__What the task requires__. Once you have located the line containing "Beyaz Jia İkili Takım ATE-1754 - EYYO" in the material below, return it exactly along with each line after it through the line containing "LIGHTLY USED LIKE".

__Information__.
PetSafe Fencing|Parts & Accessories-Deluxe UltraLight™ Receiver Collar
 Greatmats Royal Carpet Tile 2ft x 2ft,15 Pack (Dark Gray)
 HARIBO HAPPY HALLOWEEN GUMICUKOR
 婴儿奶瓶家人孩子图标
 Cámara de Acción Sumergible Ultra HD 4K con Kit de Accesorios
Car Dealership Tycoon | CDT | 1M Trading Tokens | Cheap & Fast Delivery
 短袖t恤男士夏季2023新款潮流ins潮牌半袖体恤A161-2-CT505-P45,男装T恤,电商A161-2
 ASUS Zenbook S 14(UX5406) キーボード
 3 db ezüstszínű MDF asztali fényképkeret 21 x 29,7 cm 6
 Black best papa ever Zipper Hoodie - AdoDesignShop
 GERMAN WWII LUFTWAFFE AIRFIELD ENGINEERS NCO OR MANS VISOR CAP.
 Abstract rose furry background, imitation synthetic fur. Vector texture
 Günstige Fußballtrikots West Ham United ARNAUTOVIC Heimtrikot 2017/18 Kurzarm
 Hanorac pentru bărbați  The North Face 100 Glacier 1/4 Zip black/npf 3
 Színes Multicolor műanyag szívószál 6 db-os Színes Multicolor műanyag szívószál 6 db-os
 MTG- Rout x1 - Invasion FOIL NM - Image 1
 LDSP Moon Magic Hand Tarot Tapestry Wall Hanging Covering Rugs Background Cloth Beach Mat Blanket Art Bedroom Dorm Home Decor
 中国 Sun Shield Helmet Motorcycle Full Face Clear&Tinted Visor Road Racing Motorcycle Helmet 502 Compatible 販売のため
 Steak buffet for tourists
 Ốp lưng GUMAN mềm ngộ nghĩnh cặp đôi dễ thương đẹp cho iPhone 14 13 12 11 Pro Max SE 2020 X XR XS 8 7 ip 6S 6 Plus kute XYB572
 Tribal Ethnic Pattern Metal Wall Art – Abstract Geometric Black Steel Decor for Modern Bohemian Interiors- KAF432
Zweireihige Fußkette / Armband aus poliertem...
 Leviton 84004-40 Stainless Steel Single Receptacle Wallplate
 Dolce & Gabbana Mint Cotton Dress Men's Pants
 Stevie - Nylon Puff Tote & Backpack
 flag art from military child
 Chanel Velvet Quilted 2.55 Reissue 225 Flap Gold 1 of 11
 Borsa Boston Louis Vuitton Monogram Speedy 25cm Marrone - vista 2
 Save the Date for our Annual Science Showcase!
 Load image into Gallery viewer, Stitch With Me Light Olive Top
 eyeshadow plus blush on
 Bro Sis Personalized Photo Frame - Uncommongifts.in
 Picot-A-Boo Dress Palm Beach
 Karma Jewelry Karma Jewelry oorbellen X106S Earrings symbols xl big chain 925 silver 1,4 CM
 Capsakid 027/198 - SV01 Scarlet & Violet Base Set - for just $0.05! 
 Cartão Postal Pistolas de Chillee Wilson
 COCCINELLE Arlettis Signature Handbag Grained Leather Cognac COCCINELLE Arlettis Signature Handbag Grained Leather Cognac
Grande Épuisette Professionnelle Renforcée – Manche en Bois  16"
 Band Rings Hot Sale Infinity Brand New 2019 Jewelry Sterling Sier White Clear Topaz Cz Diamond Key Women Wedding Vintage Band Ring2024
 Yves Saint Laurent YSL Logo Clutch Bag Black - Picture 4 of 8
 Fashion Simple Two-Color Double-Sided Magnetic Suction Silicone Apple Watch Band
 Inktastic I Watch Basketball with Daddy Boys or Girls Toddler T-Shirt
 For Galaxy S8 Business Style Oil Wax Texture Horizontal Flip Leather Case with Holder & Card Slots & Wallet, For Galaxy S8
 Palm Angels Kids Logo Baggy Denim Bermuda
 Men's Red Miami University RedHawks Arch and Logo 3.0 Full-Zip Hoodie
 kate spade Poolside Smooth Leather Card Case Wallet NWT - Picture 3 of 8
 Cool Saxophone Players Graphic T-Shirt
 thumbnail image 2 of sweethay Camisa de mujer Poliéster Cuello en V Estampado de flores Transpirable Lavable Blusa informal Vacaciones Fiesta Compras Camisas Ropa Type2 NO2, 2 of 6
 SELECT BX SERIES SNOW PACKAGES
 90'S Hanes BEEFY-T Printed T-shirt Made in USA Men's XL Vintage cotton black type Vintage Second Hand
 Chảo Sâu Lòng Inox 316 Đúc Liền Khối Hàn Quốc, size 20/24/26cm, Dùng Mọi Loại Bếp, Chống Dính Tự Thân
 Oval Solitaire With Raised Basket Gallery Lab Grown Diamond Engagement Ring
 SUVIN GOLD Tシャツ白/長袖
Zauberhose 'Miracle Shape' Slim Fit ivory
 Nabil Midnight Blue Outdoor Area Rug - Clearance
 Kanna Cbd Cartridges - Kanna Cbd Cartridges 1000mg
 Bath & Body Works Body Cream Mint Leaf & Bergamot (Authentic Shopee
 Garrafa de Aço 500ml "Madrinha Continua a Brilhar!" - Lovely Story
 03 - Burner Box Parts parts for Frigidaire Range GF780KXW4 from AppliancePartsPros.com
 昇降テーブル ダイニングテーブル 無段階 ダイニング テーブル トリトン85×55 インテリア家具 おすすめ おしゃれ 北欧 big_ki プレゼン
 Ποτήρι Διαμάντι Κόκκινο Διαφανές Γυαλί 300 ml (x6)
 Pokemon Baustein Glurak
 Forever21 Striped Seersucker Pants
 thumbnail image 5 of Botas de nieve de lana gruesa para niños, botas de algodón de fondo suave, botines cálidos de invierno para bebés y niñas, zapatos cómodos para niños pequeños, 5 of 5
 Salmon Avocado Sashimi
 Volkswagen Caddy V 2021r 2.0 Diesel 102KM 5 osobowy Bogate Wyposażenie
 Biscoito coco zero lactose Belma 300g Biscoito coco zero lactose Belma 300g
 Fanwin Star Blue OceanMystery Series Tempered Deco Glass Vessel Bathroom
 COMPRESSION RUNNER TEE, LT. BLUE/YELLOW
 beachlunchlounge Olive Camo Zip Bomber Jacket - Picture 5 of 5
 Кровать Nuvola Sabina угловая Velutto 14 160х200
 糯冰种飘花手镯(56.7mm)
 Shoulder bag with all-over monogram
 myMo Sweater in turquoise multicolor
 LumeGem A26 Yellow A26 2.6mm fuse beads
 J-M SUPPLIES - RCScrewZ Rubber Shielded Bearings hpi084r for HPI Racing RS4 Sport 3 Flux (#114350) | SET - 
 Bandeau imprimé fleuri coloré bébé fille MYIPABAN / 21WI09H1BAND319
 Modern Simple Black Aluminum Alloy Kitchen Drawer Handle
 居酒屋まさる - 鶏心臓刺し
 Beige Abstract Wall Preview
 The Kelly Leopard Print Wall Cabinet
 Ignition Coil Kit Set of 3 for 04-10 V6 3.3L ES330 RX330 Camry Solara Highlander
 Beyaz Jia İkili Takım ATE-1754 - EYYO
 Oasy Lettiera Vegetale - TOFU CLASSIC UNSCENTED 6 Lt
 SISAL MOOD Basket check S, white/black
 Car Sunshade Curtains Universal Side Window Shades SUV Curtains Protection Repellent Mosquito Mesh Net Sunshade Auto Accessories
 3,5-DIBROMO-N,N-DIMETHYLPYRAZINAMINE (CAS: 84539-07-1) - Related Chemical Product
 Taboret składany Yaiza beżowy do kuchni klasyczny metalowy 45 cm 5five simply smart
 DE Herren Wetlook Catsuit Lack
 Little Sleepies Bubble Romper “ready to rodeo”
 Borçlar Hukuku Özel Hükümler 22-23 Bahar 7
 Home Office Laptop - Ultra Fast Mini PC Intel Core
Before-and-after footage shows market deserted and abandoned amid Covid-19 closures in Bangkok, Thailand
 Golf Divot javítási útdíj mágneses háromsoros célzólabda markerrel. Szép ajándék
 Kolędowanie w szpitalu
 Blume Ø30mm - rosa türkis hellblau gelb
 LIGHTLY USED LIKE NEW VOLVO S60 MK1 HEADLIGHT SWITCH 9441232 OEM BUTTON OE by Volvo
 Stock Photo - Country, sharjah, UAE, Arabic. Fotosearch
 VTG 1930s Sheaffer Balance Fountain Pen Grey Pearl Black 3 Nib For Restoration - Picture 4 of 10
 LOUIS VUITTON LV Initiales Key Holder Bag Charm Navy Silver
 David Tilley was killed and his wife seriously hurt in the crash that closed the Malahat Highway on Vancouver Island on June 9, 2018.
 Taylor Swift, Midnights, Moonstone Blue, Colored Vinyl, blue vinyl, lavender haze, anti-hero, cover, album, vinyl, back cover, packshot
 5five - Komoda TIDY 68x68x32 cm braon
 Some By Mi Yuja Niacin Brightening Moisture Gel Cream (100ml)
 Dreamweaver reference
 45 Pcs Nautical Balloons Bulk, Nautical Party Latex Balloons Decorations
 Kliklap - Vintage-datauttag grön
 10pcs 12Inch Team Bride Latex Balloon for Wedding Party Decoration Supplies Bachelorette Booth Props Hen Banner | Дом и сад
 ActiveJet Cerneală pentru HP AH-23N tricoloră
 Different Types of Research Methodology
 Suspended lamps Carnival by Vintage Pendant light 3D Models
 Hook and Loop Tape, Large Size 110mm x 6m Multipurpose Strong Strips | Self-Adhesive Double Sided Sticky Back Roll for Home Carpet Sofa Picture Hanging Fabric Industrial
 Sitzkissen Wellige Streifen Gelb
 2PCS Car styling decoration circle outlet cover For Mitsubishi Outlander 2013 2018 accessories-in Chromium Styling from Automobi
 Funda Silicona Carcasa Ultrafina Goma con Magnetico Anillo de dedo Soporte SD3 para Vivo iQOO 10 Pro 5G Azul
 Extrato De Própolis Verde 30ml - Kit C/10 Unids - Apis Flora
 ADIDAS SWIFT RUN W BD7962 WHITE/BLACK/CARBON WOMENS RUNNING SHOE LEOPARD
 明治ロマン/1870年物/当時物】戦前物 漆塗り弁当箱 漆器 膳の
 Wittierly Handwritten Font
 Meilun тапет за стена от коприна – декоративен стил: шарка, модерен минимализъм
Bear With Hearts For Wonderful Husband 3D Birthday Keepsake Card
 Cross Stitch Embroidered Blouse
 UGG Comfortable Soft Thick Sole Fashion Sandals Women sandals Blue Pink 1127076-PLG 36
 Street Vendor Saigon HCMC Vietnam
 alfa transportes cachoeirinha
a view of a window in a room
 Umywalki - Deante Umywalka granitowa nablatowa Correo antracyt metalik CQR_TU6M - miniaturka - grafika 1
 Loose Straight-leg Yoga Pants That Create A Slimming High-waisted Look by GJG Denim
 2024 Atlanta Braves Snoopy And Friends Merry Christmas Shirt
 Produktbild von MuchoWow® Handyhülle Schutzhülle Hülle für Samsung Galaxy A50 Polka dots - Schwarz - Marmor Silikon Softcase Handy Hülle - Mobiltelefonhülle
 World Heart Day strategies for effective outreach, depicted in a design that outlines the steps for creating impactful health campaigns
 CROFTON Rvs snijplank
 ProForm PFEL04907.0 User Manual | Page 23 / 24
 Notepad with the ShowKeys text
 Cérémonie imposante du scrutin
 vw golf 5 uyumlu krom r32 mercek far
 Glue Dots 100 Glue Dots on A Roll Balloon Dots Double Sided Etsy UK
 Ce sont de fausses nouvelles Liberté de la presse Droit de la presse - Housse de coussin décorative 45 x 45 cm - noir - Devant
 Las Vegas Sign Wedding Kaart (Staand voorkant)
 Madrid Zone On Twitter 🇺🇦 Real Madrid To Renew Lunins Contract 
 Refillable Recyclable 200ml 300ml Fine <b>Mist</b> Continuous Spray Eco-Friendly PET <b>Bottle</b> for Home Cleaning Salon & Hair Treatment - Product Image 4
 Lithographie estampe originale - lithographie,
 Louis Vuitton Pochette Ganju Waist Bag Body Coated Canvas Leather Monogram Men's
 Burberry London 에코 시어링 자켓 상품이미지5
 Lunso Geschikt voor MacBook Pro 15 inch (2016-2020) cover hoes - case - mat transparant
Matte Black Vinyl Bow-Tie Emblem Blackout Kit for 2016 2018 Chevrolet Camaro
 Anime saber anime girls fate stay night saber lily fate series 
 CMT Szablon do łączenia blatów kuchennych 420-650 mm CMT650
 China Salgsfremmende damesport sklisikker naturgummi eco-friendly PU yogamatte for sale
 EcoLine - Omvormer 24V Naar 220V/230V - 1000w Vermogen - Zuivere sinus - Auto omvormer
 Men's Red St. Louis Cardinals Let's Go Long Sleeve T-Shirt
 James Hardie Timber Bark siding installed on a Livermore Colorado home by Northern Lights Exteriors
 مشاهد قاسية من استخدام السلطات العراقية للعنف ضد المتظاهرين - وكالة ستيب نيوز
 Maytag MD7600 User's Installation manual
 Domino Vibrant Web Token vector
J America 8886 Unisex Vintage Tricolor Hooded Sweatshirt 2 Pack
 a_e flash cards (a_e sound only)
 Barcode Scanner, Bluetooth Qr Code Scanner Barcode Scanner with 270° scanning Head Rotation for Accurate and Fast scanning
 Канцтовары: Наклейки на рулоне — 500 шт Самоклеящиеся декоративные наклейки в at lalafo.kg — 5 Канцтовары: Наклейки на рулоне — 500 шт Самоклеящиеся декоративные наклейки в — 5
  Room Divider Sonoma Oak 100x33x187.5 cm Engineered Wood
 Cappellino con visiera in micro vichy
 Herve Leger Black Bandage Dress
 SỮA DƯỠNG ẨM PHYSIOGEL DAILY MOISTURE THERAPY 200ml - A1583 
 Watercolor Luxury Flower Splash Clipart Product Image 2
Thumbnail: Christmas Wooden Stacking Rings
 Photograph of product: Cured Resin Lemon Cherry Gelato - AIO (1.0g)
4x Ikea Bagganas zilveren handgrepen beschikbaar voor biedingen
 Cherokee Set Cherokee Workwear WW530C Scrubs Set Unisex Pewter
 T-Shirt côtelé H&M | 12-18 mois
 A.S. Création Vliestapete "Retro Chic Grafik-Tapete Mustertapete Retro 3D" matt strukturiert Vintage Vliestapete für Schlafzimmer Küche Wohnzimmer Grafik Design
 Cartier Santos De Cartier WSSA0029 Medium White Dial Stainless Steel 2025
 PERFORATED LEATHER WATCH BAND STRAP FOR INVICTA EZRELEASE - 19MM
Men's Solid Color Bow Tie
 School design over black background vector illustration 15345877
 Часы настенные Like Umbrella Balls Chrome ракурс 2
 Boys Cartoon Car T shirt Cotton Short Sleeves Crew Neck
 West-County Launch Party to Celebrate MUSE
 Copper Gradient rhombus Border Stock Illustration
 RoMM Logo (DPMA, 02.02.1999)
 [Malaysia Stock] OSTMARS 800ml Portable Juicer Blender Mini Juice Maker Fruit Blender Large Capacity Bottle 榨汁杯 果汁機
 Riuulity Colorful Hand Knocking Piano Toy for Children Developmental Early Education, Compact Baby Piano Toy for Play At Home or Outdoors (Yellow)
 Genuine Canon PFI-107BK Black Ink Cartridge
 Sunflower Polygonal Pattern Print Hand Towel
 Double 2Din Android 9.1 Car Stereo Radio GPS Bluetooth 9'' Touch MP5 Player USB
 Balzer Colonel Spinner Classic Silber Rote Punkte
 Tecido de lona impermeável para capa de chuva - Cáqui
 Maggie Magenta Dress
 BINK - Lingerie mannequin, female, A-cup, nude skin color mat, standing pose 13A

__Answer to this problem__.
 Beyaz Jia İkili Takım ATE-1754 - EYYO
 Oasy Lettiera Vegetale - TOFU CLASSIC UNSCENTED 6 Lt
 SISAL MOOD Basket check S, white/black
 Car Sunshade Curtains Universal Side Window Shades SUV Curtains Protection Repellent Mosquito Mesh Net Sunshade Auto Accessories
 3,5-DIBROMO-N,N-DIMETHYLPYRAZINAMINE (CAS: 84539-07-1) - Related Chemical Product
 Taboret składany Yaiza beżowy do kuchni klasyczny metalowy 45 cm 5five simply smart
 DE Herren Wetlook Catsuit Lack
 Little Sleepies Bubble Romper “ready to rodeo”
 Borçlar Hukuku Özel Hükümler 22-23 Bahar 7
 Home Office Laptop - Ultra Fast Mini PC Intel Core
Before-and-after footage shows market deserted and abandoned amid Covid-19 closures in Bangkok, Thailand
 Golf Divot javítási útdíj mágneses háromsoros célzólabda markerrel. Szép ajándék
 Kolędowanie w szpitalu
 Blume Ø30mm - rosa türkis hellblau gelb
 LIGHTLY USED LIKE NEW VOLVO S60 MK1 HEADLIGHT SWITCH 9441232 OEM BUTTON OE by Volvo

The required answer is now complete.